* [Provided entries]:
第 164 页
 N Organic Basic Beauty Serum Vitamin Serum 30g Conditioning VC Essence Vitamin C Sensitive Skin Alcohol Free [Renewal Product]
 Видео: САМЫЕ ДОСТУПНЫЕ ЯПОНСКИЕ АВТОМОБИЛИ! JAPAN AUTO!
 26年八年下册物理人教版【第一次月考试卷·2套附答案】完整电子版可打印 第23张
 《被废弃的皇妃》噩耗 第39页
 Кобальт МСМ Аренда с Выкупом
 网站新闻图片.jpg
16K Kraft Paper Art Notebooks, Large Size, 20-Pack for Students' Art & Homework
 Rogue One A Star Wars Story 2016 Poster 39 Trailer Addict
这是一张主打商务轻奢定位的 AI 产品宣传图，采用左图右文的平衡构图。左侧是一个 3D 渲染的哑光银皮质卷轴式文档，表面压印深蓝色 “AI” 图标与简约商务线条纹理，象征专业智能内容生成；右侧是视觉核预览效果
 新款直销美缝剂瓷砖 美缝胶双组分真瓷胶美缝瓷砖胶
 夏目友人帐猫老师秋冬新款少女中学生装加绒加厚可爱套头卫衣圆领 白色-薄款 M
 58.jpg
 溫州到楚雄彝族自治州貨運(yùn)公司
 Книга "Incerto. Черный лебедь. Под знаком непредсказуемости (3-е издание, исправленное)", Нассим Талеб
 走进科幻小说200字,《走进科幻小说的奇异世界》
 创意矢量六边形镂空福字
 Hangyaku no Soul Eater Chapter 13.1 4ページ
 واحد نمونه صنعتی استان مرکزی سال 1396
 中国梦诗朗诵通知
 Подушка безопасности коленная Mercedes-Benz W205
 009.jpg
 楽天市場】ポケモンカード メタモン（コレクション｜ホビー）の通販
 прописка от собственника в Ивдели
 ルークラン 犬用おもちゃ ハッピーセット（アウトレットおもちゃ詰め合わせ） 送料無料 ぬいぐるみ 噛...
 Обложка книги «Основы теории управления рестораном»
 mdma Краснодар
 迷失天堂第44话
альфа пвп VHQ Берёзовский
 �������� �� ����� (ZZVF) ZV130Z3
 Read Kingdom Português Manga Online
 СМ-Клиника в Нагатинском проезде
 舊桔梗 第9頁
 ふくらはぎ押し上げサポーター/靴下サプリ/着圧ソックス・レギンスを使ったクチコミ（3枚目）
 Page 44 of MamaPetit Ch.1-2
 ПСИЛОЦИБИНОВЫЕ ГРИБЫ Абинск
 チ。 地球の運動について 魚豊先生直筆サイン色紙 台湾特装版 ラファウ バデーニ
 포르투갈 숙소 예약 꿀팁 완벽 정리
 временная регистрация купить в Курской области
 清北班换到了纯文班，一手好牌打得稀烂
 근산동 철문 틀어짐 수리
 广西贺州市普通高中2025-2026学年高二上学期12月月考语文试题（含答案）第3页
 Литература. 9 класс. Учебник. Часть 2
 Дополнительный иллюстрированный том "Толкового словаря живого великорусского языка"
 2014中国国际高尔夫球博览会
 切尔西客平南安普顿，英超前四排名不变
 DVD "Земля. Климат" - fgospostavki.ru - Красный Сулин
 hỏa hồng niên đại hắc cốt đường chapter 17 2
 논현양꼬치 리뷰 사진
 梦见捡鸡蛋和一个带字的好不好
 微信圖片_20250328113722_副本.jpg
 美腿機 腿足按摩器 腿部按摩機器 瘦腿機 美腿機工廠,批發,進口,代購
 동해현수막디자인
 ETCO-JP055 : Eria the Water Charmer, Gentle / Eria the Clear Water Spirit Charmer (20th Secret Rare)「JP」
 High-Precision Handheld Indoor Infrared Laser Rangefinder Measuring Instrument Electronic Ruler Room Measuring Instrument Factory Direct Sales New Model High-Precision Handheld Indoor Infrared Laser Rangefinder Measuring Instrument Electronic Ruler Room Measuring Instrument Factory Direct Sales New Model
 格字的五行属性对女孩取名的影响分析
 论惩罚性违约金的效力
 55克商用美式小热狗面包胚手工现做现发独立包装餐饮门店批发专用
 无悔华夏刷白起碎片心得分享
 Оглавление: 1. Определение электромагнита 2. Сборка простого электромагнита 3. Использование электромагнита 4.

* [Task goal]:
Please return the lines above exactly, from the first one down to the line with "溫州到楚雄彝族自治州貨運(yùn)公司", and stop after that line.

* [Solution for this exercise]:
第 164 页
 N Organic Basic Beauty Serum Vitamin Serum 30g Conditioning VC Essence Vitamin C Sensitive Skin Alcohol Free [Renewal Product]
 Видео: САМЫЕ ДОСТУПНЫЕ ЯПОНСКИЕ АВТОМОБИЛИ! JAPAN AUTO!
 26年八年下册物理人教版【第一次月考试卷·2套附答案】完整电子版可打印 第23张
 《被废弃的皇妃》噩耗 第39页
 Кобальт МСМ Аренда с Выкупом
 网站新闻图片.jpg
16K Kraft Paper Art Notebooks, Large Size, 20-Pack for Students' Art & Homework
 Rogue One A Star Wars Story 2016 Poster 39 Trailer Addict
这是一张主打商务轻奢定位的 AI 产品宣传图，采用左图右文的平衡构图。左侧是一个 3D 渲染的哑光银皮质卷轴式文档，表面压印深蓝色 “AI” 图标与简约商务线条纹理，象征专业智能内容生成；右侧是视觉核预览效果
 新款直销美缝剂瓷砖 美缝胶双组分真瓷胶美缝瓷砖胶
 夏目友人帐猫老师秋冬新款少女中学生装加绒加厚可爱套头卫衣圆领 白色-薄款 M
 58.jpg
 溫州到楚雄彝族自治州貨運(yùn)公司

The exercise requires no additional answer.